Big win for NRI taxpayer:
ITAT Chennai rules US-based individual qualifies as non-resident, no tax in India on overseas earnings
Jan 6, 2026
Synopsis
An NRI successfully challenged the Indian tax department's decision to tax his global income. The Income Tax Appellate Tribunal (ITAT) Chennai ruled that Mr. Dhinakaran qualified as a non-resident, restoring his tax benefits. The tribunal emphasized that holding a managerial position doesn't disqualify one from being considered an employee under tax law, provided a contractual service relationship exists.
On October 31, 2025, the Income Tax Appellate Tribunal (ITAT) Chennai ruled that just because someone holds the title of managing director, it doesn’t mean they aren’t considered an employee. This judgement came against the backdrop of a case filed by Mr.Dhinakaran, who found his global income taxed in India even though he is an NRI.
For those who might not know, only the income earned in India by an NRI can be taxed here, while their global income should be exempt. In Mr.
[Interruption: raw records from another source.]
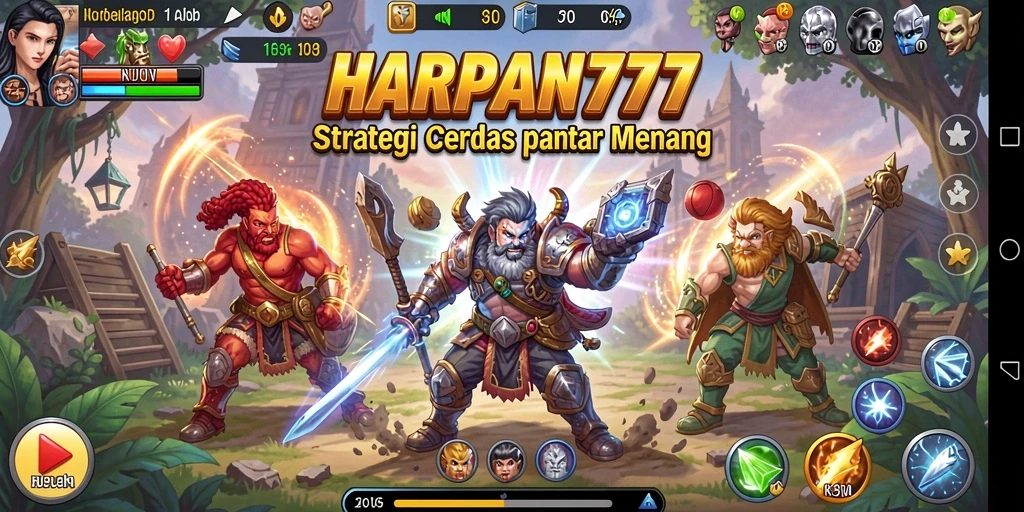 Tampilan menarik dari gameplay strategi HARAPAN777.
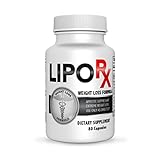 Nutriment Lipo Rx Diet Pills for Extreme Weight Reduction, 80 Capsules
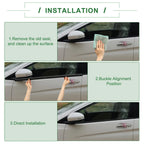 2X Rear Weatherstrip Window Seal No. 72950TLYH01 for Honda CR-V 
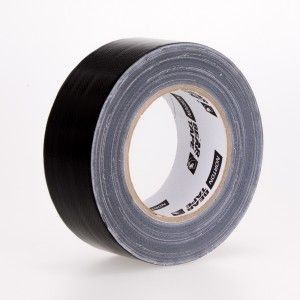 BLACK GAFFA TAPE 25M X 50MM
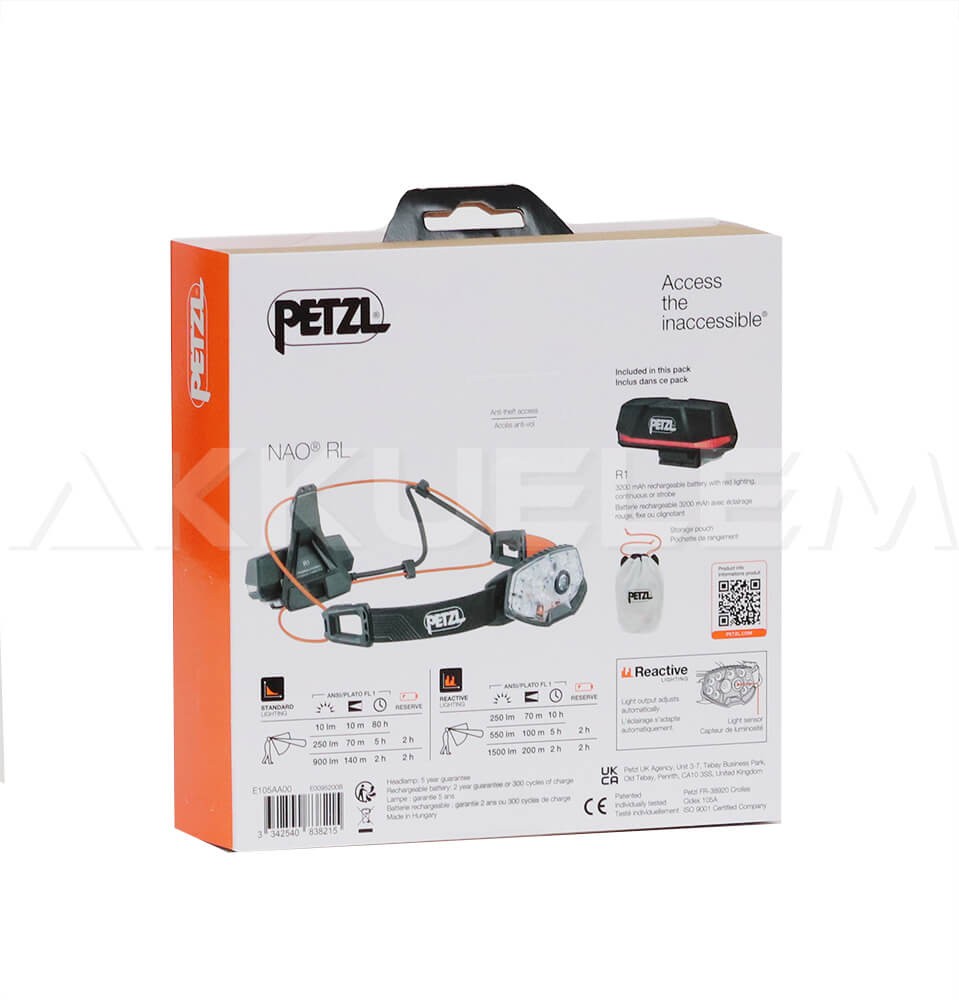 PETZL NAO RL 1500lum fejlámpa E105AA00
Dhinakaran’s situation, he was taxed as if he were resident of India, missing out on the benefits of Section 6(1) of the Income Tax Act, 1961.
Explanation 1(a) to section 6(1) of the Income Tax Act provides that “an individual who is a citizen of India and who leaves India in any previous year for the purposes of employment outside India shall not be treated as resident unless he stays in India for 182 days or more during that year”. However, the income tax department said that Mr. Dhinakaran held a managerial or controlling position in JCI (USA) and, therefore, should not be considered an “employee” for the purpose of Explanation 1(a).
ITAT Chennai rejected this position taken by the income tax department and said: “The expression “employment” used in the statute does not make any distinction based on designation or seniority. Whether the individual serves in a junior capacity or as a senior executive, what is material is the existence of a contractual relationship of service.”
Summary of the judgement
Chartered Accountant Suresh Surana, said to ET Wealth Online: In the given case (ITAT Nos.1562, 1563, 1591 & 1592/Chny/2025), the taxpayer is an Indian citizen who had left India in 2011 to take up employment with USA based tax-exempt organization incorporated in the United States. For the assessment years (AYs) 2015-16 to 2018-19, he filed his rincome tax returns (ITRs) declaring income in the status of a Non-Resident, disclosing only income accruing or arising in India.
Surana says that following a search under Section 132, the Assessing Officer (AO) treated him as a Resident under Section 6(1)(a) and (c) and consequently taxed his global income, including deposits in foreign bank accounts and credit card expenses incurred abroad.